The festival’s producers commissioned the report to show how the event benefits the area.

“It really benefits all the businesses locally the most and that’s what I think really makes it significant,” said Adam Russakoff, Ultra’s director of business affairs.

Ultra lands in Miami every March, already high season for Miami, bringing an estimated 55,000 people a day to enjoy internationally renowned DJs and performers for hours-long dance parties. Last year’s lineup included DJ Tiesto, David Guetta and an appearance by Madonna.

Next year, the 15th for the event, Ultra will be held from March 22-24 in Bayfront Park.

About 60 percent of attendees hail from outside Miami-Dade, the study says, and they and other late-March visitors appear to have been busy booking hotel stays already.

“We’re trying to book rooms right now for next year, and every hotel we’re reaching out to is sold out,” said Russell Faibisch, the festival’s executive director and one of its creators.

Already busy because of cooler weather and other events, hotels in Miami are able to take advantage of the increased demands to command top prices in March.

“All the hotel rooms get occupied, so that allows us to get a higher rate,” said Laurence Richardson, director of sales and marketing at the Hilton Miami Downtown.

He said the hotel doesn’t fill up with Ultra visitors, but there is a noticeable difference in the average guest age.

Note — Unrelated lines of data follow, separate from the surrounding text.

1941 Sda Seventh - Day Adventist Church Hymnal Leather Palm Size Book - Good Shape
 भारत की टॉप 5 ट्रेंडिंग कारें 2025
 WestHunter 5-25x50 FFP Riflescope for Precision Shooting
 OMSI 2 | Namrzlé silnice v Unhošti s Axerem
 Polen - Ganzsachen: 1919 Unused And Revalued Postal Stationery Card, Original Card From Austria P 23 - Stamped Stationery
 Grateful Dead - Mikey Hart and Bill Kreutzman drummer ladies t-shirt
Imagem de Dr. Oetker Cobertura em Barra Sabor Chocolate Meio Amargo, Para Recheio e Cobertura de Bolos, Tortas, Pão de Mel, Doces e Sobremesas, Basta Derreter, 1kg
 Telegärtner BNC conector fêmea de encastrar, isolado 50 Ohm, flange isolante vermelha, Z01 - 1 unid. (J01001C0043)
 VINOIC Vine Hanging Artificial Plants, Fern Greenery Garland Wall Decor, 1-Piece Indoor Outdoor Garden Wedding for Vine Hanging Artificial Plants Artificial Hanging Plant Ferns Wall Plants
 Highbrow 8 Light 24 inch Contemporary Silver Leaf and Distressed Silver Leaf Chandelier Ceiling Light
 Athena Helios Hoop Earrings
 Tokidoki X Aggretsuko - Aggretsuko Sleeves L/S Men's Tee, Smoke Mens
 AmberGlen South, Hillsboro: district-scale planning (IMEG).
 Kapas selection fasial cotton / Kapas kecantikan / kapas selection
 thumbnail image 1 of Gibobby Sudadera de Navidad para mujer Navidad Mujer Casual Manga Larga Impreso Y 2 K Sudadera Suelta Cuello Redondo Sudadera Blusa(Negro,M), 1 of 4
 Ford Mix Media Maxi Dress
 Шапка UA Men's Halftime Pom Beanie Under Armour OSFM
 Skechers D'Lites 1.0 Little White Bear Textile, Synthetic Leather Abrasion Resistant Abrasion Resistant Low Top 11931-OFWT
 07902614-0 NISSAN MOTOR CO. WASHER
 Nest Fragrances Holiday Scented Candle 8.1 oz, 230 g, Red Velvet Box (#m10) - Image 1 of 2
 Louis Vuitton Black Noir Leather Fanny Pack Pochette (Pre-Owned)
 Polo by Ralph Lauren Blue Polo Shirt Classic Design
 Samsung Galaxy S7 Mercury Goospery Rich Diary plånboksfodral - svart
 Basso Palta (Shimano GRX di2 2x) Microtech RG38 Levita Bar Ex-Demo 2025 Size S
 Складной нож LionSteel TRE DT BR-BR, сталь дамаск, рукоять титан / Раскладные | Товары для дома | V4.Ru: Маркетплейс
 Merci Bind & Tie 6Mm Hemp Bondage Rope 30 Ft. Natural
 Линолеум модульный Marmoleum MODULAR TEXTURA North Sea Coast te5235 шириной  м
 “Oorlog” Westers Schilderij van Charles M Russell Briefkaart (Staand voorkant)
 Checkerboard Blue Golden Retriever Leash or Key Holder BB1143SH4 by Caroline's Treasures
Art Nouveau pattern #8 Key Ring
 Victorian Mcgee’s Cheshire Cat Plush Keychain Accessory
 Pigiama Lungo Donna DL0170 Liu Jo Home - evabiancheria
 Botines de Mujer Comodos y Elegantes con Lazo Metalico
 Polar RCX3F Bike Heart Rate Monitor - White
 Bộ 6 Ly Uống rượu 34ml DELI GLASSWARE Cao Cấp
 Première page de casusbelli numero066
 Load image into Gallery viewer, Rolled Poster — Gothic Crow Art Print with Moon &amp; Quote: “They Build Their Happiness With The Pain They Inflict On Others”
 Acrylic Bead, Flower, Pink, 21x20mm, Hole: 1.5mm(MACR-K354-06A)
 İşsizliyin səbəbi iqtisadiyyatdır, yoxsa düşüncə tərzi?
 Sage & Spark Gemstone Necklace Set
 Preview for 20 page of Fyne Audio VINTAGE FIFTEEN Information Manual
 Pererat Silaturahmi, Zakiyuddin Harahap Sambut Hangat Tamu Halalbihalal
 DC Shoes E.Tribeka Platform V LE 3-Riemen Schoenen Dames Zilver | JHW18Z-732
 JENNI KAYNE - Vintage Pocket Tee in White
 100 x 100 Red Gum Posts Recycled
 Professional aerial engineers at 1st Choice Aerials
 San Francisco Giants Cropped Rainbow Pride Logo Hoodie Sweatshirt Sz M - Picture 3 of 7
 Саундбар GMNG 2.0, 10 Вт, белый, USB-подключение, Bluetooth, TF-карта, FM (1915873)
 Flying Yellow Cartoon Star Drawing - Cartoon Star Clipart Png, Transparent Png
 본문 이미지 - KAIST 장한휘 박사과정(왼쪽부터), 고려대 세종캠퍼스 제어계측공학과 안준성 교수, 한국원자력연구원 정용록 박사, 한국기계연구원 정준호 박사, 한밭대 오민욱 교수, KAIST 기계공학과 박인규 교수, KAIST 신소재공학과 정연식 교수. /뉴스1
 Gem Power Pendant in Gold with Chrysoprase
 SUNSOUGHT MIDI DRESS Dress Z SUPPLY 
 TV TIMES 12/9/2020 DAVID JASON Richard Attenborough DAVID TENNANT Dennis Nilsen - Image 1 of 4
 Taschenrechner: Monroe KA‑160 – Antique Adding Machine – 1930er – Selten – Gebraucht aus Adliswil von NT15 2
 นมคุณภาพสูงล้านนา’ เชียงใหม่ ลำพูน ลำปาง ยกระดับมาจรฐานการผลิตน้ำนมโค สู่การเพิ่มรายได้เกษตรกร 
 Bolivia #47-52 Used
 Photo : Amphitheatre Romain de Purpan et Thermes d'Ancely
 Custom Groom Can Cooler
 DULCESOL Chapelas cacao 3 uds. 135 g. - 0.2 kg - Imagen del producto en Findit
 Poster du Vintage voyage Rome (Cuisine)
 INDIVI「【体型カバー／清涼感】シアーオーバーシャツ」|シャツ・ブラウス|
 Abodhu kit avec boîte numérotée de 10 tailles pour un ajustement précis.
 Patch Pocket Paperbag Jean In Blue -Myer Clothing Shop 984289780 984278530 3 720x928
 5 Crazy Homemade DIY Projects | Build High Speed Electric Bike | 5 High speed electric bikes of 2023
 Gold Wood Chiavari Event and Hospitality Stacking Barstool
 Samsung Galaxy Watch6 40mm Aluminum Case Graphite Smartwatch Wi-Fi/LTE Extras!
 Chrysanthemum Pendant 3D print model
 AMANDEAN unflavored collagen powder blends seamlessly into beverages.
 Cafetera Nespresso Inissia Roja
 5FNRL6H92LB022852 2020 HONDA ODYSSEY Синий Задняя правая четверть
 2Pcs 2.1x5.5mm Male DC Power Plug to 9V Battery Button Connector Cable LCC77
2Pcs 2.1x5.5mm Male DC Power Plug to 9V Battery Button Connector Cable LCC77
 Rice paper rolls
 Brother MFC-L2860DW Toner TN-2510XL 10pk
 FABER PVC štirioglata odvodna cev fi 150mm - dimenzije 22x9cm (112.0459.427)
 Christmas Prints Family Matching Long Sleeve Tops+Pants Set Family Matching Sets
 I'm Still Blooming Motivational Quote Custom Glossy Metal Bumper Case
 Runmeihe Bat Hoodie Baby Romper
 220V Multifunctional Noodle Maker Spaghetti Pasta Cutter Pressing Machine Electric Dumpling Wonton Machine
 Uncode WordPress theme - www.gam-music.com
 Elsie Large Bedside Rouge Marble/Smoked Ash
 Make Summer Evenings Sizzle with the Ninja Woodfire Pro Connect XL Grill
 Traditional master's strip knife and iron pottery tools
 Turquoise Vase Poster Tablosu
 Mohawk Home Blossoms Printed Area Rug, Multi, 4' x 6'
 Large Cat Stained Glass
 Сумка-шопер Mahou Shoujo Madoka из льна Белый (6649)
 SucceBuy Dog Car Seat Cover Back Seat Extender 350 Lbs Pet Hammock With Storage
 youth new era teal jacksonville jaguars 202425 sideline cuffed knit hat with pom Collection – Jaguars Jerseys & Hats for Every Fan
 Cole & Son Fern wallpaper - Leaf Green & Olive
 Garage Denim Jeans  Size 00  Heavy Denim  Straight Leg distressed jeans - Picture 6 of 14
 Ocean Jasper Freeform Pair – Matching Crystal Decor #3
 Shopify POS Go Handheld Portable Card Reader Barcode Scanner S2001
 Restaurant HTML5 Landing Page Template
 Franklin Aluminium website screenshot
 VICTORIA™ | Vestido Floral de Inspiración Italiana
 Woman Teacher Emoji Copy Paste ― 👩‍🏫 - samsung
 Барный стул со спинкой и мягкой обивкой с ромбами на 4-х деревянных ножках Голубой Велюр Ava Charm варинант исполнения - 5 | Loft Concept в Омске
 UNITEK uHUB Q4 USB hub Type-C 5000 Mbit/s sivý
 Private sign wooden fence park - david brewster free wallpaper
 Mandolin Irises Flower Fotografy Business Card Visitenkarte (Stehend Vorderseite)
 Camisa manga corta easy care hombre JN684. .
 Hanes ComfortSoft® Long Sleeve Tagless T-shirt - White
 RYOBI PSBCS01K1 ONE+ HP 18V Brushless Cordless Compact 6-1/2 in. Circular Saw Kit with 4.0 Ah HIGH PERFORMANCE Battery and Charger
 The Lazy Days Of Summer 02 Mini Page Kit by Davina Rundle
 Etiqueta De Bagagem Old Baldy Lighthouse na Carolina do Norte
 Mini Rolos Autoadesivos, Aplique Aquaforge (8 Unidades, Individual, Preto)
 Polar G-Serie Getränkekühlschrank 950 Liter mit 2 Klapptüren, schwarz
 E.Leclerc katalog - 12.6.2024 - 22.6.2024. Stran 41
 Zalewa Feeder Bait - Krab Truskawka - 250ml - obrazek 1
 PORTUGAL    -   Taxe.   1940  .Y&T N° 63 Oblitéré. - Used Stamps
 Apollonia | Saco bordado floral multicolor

The general crowd for Ultra is between 18-30, organizers said, and they typically come into town early to participate in other events including parties affiliated with Winter Music Conference, which runs next year from March 15-24. They also tend to stay out long after Ultra wraps up, at midnight on Friday and Saturday and 11 p.m. Sunday.

“They leave our event and they go out to all the nightclubs in town,” said festival producer Ray Steinman.